Henri Prost  (February 25, 1874 – July 16, 1959) was a French architect and urban planner. He was noted in particularly for his work in Morocco and Turkey, where he created a number of comprehensive city plans for Casablanca, Fes, Marrakesh, Meknes, Rabat, and Istanbul, including transportation infrastructure and avenues with buildings, plazas, squares, promenades and parks.

Early years
Born in Saint-Denis, a northern suburb of Paris, Henri Prost studied architecture at the École Spéciale d'Architecture and at the École des Beaux-Arts. Among his teachers was Marcel Lambert, who surveyed the Acropolis in Athens. In 1902, he was awarded prestigious Prix de Rome scholarship and was able to travel in Italy and Europe to study the architectural landmarks.

Morocco 

In 1913, Hubert Lyautey, the military governor of the French Morocco invited Prost to work on development of major Moroccan cities: Fes, Marrakesh, Meknes, Rabat and Casablanca.
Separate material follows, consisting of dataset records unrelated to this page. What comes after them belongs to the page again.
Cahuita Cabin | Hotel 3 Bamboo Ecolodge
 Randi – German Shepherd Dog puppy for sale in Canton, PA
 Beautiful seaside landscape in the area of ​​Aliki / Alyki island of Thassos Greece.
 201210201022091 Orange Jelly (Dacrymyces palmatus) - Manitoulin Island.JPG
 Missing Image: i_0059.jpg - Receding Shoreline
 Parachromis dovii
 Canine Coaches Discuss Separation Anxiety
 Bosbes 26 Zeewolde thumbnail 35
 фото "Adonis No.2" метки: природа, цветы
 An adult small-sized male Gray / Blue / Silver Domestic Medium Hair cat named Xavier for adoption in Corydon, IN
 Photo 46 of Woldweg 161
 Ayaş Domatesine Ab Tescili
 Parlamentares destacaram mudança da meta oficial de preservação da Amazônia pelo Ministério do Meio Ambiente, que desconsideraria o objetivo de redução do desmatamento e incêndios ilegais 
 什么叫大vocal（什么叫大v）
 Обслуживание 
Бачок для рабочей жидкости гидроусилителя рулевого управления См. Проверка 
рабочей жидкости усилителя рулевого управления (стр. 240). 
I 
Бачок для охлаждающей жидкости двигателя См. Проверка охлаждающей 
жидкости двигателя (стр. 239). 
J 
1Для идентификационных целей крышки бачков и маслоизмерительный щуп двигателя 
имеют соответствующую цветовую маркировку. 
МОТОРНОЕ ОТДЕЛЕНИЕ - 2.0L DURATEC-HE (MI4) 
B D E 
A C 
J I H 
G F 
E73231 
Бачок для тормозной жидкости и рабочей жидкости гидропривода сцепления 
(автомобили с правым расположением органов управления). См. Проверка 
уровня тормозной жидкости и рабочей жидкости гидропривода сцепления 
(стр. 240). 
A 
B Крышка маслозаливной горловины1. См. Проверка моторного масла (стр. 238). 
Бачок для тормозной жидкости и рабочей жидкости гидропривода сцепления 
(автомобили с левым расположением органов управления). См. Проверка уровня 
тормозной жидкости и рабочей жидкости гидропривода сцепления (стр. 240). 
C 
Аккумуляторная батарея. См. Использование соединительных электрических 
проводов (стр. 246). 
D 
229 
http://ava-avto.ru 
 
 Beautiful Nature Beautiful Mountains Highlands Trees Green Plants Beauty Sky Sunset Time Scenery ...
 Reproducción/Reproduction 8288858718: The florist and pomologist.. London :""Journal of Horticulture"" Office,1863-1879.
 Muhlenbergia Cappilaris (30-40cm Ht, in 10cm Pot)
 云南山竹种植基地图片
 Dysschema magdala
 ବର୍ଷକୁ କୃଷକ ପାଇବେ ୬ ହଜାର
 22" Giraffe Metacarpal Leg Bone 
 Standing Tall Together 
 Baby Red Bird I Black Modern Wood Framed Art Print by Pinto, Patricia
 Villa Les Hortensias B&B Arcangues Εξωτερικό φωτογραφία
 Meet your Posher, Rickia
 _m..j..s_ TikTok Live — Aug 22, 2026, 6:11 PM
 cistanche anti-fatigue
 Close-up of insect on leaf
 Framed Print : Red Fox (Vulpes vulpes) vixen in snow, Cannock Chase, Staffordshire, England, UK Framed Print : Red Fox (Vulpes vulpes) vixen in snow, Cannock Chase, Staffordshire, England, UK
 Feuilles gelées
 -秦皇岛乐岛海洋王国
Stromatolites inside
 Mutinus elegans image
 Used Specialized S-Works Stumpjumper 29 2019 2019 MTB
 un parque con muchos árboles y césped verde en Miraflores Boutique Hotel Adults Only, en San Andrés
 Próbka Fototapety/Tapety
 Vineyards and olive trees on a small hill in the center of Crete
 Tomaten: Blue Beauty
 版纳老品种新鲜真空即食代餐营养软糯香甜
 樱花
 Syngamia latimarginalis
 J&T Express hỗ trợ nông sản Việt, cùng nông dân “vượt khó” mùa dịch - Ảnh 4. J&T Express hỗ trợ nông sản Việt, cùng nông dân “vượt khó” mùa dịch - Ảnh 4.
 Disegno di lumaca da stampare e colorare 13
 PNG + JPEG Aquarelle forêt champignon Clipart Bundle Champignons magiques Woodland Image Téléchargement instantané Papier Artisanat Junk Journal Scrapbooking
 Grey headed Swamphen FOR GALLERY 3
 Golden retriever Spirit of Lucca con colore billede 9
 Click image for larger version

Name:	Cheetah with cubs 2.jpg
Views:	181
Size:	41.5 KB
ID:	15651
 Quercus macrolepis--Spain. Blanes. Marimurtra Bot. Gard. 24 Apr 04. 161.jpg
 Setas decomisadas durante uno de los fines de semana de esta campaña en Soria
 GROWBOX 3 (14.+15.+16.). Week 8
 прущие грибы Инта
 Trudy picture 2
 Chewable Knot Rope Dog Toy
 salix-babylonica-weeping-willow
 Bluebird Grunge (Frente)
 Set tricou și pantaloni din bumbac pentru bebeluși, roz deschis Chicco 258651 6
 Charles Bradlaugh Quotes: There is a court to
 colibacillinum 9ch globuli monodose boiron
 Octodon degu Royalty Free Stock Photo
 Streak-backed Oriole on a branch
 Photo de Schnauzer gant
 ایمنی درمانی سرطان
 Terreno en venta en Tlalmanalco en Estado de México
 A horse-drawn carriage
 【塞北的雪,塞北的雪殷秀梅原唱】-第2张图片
Prost stayed in Morocco for a decade, and soon Casablanca was lauded as a success story of an application of the principles of urbanism.

France 
Back to France, Prost worked in 1923-1924 as a regional planner, developing a series of comprehensive urban plans for Côte Varoise in Western French Riviera. In 1932, he was invited to direct the regional urban studies of the Paris metropolitan area. The Plan d'Aménagement de la Région Parisienne that was developed under his tutelage was  approved in 1939.

Istanbul's redevelopment
Starting from 1924, Prost was consulting the government of Turkey on an irregular basis. In 1936, Prost was invited to Turkey by Mustafa Kemal Atatürk to develop a grand plan of Istanbul's redevelopment, and he stayed there for fifteen years. He became the head of the city's Planning Office and authored the master-plan of its architectural future. Modernization and conservation were laid at its core. Later in 1947, Prost explained his approach in such words: 

After deciding to make drastic cuts through the network of historic Istanbul's neighborhoods with transportation corridors, broad avenues and pedestrian promenades, parks and monumental squares, Prost also started to work on preserving the remaining major historical monuments of Istanbul, including Roman-Byzantine, as well as Ottoman landmarks, and making them accessible to public. After his plea, Atatürk approved the transformation of Hagia Sophia, which served as the Grand Mosque of Istanbul, into a museum.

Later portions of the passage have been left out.